* [TASK TO CARRY OUT]
Lines of the listing below that contain the string "Jeep" are to be returned.

* [MATERIAL PROVIDED]
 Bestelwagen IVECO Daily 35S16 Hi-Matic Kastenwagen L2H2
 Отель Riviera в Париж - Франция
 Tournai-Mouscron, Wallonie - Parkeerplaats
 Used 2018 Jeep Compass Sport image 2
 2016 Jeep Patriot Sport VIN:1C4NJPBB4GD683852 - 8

* * *

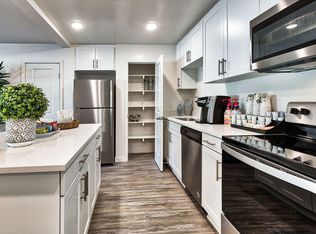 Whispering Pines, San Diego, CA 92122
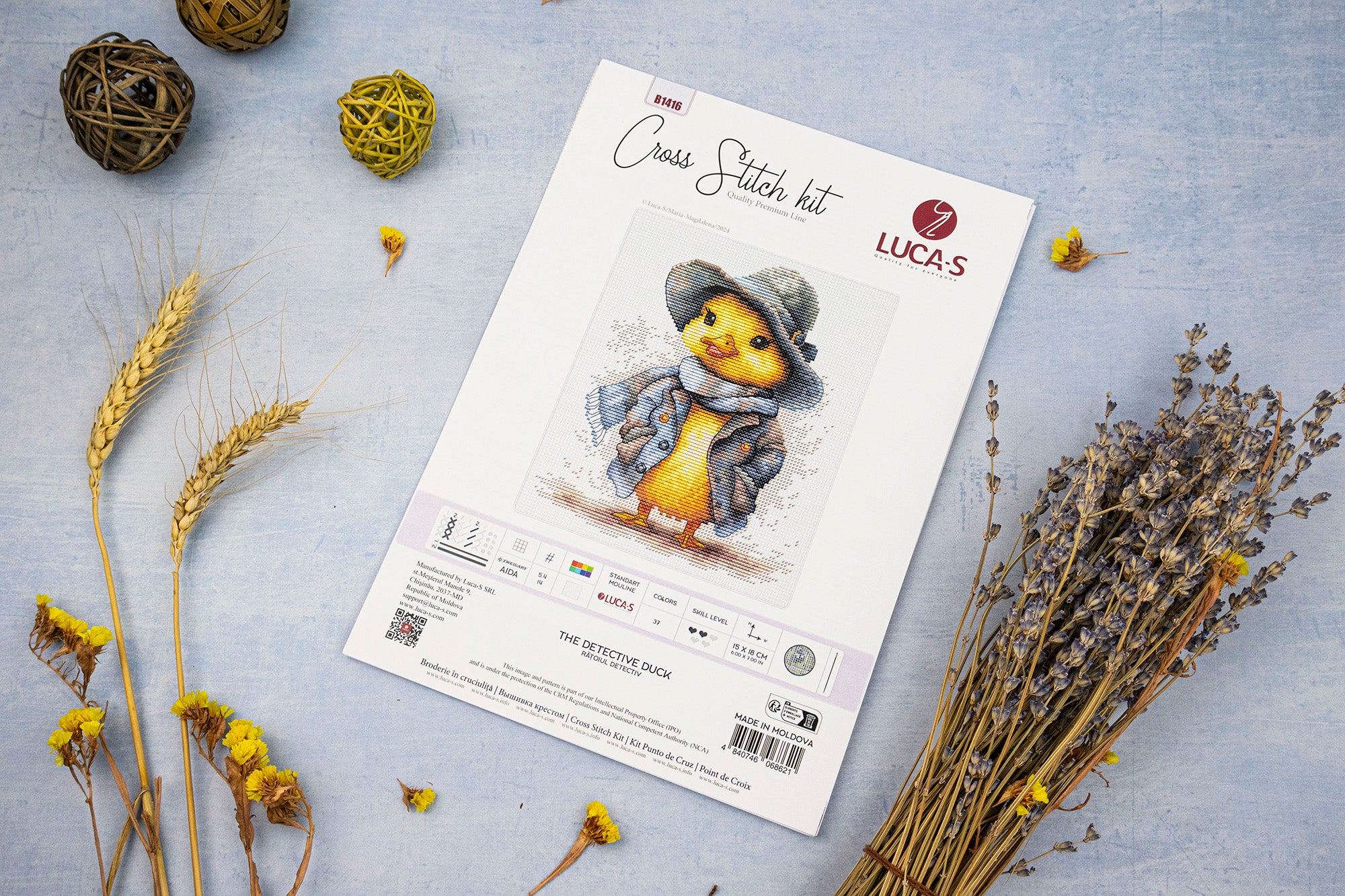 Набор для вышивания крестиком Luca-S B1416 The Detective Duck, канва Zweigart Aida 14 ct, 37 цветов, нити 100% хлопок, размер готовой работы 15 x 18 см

* [TASK RESPONSE]
 Used 2018 Jeep Compass Sport image 2
 2016 Jeep Patriot Sport VIN:1C4NJPBB4GD683852 - 8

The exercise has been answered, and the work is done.